Problem to work on » For the data below, give again exactly the lines from the one containing "Sesja z psem Poznań" through the one containing "Parker — Male", both ends included, and no others.

Scraped caption text data »
►

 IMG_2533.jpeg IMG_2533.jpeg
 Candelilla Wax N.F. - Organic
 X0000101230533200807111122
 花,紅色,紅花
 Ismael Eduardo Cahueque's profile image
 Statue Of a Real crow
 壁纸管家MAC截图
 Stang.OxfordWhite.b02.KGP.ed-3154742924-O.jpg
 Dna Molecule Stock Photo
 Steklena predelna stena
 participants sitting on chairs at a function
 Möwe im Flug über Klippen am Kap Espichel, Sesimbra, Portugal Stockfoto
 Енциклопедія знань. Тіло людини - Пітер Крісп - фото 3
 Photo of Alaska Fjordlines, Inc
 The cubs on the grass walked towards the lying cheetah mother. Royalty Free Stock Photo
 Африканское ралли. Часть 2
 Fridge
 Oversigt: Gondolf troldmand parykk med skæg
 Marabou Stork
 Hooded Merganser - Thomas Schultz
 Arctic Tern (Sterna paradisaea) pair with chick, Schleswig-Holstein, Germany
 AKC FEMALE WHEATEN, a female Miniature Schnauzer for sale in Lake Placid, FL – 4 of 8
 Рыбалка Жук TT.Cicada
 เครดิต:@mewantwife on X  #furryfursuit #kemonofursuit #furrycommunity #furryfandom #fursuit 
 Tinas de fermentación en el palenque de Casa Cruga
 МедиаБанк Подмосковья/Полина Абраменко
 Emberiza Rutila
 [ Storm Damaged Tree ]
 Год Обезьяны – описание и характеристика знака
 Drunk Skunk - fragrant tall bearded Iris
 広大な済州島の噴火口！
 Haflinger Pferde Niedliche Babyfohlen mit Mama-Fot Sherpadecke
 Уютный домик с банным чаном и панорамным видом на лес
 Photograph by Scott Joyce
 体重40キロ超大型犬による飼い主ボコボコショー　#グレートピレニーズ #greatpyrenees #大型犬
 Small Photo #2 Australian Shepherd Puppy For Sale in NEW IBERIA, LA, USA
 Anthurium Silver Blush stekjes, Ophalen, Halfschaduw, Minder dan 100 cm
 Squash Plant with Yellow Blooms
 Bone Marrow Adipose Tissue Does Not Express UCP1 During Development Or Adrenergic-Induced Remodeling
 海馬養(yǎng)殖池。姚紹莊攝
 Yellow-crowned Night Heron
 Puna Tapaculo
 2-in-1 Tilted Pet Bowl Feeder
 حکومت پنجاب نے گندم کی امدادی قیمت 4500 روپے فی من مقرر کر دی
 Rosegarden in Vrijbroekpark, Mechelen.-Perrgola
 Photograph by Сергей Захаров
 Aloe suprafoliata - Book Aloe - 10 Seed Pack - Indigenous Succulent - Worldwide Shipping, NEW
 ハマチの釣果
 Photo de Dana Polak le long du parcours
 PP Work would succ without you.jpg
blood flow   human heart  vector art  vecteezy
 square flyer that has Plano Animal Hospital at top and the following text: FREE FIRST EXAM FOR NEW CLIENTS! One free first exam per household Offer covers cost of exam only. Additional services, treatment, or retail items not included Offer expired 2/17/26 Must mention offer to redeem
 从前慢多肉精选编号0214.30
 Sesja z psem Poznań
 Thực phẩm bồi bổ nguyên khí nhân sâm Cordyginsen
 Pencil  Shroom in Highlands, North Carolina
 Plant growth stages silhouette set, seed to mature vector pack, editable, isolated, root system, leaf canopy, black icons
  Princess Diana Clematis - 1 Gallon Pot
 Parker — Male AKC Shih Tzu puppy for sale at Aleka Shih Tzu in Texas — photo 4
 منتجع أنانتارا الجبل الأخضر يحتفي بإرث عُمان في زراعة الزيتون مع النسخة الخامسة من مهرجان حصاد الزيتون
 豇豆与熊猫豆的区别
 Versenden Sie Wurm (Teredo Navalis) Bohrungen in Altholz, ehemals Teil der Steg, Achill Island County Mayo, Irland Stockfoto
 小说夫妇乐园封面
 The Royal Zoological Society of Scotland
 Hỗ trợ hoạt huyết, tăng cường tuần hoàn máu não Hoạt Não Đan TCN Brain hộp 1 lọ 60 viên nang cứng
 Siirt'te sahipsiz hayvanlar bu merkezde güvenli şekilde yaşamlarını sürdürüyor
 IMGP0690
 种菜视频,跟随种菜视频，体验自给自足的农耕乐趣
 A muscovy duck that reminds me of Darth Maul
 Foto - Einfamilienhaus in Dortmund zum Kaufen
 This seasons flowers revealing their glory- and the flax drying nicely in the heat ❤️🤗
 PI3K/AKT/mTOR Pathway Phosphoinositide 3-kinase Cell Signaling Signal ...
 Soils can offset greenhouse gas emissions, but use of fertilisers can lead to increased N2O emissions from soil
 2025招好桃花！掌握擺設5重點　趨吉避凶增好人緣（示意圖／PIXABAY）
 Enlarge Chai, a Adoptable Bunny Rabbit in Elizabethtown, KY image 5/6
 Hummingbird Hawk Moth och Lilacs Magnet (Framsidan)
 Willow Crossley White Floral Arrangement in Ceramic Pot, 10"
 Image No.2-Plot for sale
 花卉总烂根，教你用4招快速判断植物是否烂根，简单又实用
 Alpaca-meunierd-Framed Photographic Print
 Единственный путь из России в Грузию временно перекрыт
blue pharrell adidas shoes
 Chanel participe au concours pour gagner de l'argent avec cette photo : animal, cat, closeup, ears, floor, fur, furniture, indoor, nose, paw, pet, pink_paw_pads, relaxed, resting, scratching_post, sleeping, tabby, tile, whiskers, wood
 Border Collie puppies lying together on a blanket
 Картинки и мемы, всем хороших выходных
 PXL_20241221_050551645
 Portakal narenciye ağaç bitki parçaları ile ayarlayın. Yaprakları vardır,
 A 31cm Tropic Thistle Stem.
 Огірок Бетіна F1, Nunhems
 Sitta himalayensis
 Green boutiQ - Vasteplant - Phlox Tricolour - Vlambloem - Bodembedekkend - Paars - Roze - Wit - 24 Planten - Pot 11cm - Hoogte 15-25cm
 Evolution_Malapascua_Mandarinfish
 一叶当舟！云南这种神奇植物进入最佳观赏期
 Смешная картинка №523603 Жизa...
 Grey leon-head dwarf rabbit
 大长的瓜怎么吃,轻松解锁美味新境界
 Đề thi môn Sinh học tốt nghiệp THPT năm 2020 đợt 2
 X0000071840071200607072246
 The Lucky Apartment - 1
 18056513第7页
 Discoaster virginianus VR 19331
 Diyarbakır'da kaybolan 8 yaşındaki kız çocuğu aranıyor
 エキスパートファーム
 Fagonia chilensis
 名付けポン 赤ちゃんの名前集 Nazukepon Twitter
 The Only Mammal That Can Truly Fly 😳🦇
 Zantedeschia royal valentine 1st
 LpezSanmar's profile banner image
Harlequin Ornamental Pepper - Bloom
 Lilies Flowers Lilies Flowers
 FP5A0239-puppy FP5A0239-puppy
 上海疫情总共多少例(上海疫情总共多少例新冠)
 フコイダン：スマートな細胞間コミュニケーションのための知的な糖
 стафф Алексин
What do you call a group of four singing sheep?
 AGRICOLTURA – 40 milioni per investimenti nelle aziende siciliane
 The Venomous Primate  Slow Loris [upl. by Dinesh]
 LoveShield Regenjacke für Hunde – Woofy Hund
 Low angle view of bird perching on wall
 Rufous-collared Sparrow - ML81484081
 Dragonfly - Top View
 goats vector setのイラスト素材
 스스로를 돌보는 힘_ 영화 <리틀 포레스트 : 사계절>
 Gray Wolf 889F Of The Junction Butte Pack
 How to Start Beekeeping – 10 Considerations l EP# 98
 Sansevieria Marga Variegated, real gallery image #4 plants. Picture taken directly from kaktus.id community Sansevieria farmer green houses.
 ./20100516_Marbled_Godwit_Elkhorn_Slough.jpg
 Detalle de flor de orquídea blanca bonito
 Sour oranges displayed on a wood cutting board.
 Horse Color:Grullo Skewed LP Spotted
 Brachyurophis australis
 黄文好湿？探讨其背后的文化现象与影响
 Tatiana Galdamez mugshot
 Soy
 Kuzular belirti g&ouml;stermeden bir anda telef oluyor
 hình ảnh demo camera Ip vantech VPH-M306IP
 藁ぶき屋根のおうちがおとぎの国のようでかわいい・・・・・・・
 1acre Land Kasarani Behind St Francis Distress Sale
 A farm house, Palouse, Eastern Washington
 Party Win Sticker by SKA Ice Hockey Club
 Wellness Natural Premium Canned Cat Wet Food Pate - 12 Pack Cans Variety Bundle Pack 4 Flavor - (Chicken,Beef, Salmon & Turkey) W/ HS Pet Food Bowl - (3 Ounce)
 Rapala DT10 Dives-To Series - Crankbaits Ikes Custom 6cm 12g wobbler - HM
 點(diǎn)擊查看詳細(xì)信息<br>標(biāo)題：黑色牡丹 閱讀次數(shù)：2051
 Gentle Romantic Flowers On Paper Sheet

◄

Answer for the task »
 Sesja z psem Poznań
 Thực phẩm bồi bổ nguyên khí nhân sâm Cordyginsen
 Pencil  Shroom in Highlands, North Carolina
 Plant growth stages silhouette set, seed to mature vector pack, editable, isolated, root system, leaf canopy, black icons
  Princess Diana Clematis - 1 Gallon Pot
 Parker — Male AKC Shih Tzu puppy for sale at Aleka Shih Tzu in Texas — photo 4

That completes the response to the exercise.